Grundsätzlich kann auf die erst vor kurzer Zeit vom erkennenden Senat gefällte Entscheidung 2 Ob 236/99s verwiesen werden. Auch die nunmehrigen Ausführungen im Revisionsrekurs bieten keinen Anlass, davon abzugehen. Das Abstellen auf den durchschnittlich sorgfältigen Käufer bedeutet nicht, dass gesundheitsschädliche Immissionen ortsüblich sein könnten. Es besteht lediglich eine Duldungspflicht in dem Sinn, dass der Erwerber einer von Immissionen betroffenen Liegenschaft auf eigene Gefahr handelt und deshalb jene Nachteile, die aus der Immission erfolgen, hinnehmen muss (J. W. Steiner, Zur Auslegung des Begriffes der Ortsüblichkeit in § 364 Abs 2 ABGB, JBl 1978, 133 [140]). Bei gesundheitsschädlichen Immissionen besteht eine Duldungspflicht aber nur dann, wenn sie in Kenntnis ihrer Gesundheitsschädlichkeit geduldet werden, was dann der Fall ist, wenn jemand eine Liegenschaft in Kenntnis der Gesundheitsschädlichkeit der von der Nachbarliegenschaft ausgehenden Immission erwirbt. Nur dann wenn dies der Fall ist, muss der Käufer auch eine gesundheitsschädliche Immission als ortsüblich dulden. Der ohne Zweifel gegebene Vorrang der Gesundheit gegenüber den Vermögensinteressen kann nicht dazu führen, dass jemand, der sich in Kenntnis bzw Erkennbarkeit der Gesundheitsschädlichkeit von Immissionen ansiedelt, deren Unterlassung begehren kann. Daran vermag auch § 79 Abs 2 GewO nichts zu ändern. Wenn der Kläger meint, er könnte nicht gezwungen werden, wegzuziehen, um seine Gesundheit zu retten, dann ist ihm entgegenzuhalten, dass er - ausgehend von den im Provisorialverfahren getroffenen Feststellungen - sich in Kenntnis der vom Betrieb der Beklagten ausgehenden Immissionen sich in deren Nachbarschaft angesiedelt hat (dass ein durchschnittlich sorgfältiger Käufer deren Gesundheitsschädlichkeit nicht hätte erkennen können, hat der Kläger nicht behauptet) und nunmehr vom Beklagten eine Einstellung oder zumindest erhebliche Einschränkung dieses Betriebes verlangt.
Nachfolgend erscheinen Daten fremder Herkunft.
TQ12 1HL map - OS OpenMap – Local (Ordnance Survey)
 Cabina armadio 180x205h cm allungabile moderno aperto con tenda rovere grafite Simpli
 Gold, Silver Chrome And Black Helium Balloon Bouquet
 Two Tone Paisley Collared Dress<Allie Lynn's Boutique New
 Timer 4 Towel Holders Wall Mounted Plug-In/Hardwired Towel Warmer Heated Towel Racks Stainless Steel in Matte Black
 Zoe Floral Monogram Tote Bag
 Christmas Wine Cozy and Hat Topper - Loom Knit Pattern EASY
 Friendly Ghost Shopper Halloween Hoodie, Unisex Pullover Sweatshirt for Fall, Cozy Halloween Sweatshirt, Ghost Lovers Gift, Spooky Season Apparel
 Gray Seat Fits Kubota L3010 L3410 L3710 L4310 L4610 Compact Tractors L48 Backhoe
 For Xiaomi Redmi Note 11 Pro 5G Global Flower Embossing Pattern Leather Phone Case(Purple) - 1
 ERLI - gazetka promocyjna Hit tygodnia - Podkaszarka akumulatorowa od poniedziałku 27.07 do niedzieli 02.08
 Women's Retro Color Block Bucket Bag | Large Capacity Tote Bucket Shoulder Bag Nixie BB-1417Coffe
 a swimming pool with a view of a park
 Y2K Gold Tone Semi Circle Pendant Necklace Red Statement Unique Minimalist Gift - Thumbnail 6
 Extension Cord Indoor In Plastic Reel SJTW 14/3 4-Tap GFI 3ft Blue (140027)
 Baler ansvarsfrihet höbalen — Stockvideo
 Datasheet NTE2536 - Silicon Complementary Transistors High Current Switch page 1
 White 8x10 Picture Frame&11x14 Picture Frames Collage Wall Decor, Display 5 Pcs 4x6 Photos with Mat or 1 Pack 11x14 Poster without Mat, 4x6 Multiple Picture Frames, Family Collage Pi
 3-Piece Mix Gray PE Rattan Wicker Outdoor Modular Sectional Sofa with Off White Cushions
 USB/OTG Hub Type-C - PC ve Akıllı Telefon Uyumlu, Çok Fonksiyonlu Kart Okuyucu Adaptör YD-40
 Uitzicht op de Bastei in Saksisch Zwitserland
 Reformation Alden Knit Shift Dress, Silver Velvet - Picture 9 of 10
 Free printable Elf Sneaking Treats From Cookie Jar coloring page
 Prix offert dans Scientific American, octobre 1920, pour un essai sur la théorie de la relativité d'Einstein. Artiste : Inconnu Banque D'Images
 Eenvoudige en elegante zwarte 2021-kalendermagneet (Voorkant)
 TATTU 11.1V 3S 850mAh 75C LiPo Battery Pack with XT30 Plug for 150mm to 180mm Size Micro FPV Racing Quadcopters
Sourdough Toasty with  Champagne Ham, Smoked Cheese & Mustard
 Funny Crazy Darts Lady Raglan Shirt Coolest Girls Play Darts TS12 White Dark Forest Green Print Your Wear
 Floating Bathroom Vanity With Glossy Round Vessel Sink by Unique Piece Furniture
Da auch eine Gesundheitsstörung im konkreten Fall dem Kläger keinen Unterlassungsanspruch gewährt, kann sich ein solcher auch nicht aus einer "Vergällung des Lebens" ergeben. Zur an sich strittigen Frage der Beweislast (s Oberhammer in Schwimann, ABGB**2, Rz 18 zu § 364) wurde in der Entscheidung 2 Ob 236/99s bereits Stellung genommen.

Daraus folgt, dass jedenfalls die teilweise Abweisung des Provisorialantrags zu Recht erfolgte, weshalb insoweit dem Revisionsrekurs nicht Folge zu geben war.

Der Kostenvorbehalt gründet sich auf die §§ 78, 402 Abs 4 EO, 52 Abs 2 ZPO.